Who I wondered frequented that place? I found out about two weeks ago.

Beyond the Cheers-like restaurant in a different direction, there is a joint which is really nothing more than a living room.  It has a person's name on the door.  I once, curious, went in there and it was as spartan as any place I've ever been to.  Very small.  Really my living room is as big.  There is a long table top that serves as a bar. No beer on tap. Just bottles.  No credit cards accepted.  There's a dance floor with a karaoke mike that gets some traffic and two old tv sets that always have a sporting event on them.  I kind of like the spot.  It is often crowded--which doesn't take much--and people seem to be enjoying themselves despite the fact that it really is nothing more than an empty space with some tables you might find on the street on garbage day that former owners are tossing.

The other night I stopped into the room.  I was having a cold one watching the Red Sox when a fellow started chatting me up. He seemed like a reasonable guy to me and I will bet the only person in that joint who regularly knocks back Johnny Walker Black.  He knew many of the people in the crowd.  At one point he shook his head and told me, sadly, that someone he had just said "hi" to was one of the crew that had come over to this place after Bullets closed up.

Well, that killed me.  You could walk past a number of decent places on the way from where Bullets was to this nothing place.  What did the regulars at Bullets do? Did they convene and say what is a bar that is equal to the dumpiness of Bullets? And did someone say they knew just the place.

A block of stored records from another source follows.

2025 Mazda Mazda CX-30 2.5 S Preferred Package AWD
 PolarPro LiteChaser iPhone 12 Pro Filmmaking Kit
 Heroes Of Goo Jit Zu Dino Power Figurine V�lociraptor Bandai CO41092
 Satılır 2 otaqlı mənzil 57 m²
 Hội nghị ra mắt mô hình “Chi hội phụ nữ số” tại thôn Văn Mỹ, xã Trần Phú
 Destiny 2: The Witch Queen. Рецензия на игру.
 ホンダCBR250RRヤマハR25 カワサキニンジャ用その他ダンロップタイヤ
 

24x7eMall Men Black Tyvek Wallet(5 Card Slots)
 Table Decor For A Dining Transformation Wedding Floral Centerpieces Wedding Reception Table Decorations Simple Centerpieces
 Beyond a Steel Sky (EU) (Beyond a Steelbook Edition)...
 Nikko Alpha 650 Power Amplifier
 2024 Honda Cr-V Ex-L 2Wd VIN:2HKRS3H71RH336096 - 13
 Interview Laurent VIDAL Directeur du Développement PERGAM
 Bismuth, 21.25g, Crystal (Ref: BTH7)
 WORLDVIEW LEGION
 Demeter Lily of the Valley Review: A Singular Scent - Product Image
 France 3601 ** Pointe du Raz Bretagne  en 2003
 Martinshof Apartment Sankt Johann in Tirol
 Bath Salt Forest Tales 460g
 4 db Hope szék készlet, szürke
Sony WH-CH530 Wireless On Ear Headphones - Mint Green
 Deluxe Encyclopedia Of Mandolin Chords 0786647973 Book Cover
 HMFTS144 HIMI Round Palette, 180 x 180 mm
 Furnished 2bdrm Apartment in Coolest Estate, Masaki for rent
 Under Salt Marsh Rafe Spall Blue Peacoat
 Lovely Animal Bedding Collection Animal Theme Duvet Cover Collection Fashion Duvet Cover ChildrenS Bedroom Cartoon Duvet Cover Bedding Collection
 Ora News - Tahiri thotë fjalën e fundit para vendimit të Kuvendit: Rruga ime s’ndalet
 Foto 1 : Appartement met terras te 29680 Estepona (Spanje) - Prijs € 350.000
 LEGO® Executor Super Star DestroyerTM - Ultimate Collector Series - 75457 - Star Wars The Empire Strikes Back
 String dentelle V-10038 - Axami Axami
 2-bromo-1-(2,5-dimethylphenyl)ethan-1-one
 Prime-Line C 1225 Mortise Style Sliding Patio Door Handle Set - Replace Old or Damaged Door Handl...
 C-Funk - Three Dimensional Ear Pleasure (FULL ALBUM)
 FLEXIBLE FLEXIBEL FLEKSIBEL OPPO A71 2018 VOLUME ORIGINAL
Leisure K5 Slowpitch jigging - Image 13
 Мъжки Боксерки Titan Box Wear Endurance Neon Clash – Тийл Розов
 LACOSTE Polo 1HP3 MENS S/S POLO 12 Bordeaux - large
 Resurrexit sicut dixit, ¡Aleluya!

Coincidentally completely, I had read a review of a book called, Later, At the Bar, that highly recommended the read. So, I took it out of the library and read through the short novel--which is really just a series of loosely connected short stories.  Later, At the Bar is about the regulars at a bar called Lucy's which is in a fictitious town in upstate New York.  From various hints I think the fictitious town is based on areas near the Finger Lakes region, a rural part of central, western New York.

I did not think Later At the Bar was that special. Moreover I didn't recognize a soul there as someone I rubbed shoulders with at any of the sports bars where I have frequented. Of course, Lucy's is not a sports bar, but still I found nothing attractive about the characters.  I read the book after my encounter in the living room now populated by the erstwhile denizens of Bullets, so I thought about the characters in the book as those who might have been inhabitants of Bullets.  But I don't think they were.

Most of the characters in Later At the Bar went to the bar to get drunk. And maybe to hook up with another drunkard.  They often did hook up and I found myself contemplating the nature of engagement that could take place even among interested and enthusiastic parties who have had close to two six packs before messing around.   There did not seem to be anyone in the novel who (a) I'd like to befriend (b) had a full set of teeth and/or (c) was a real person.  

The living room establishment has more character and bona fide characters, but that the clientele selected it after the demise of Bullets, leaves me shaking my head about the draw of certain types of watering holes.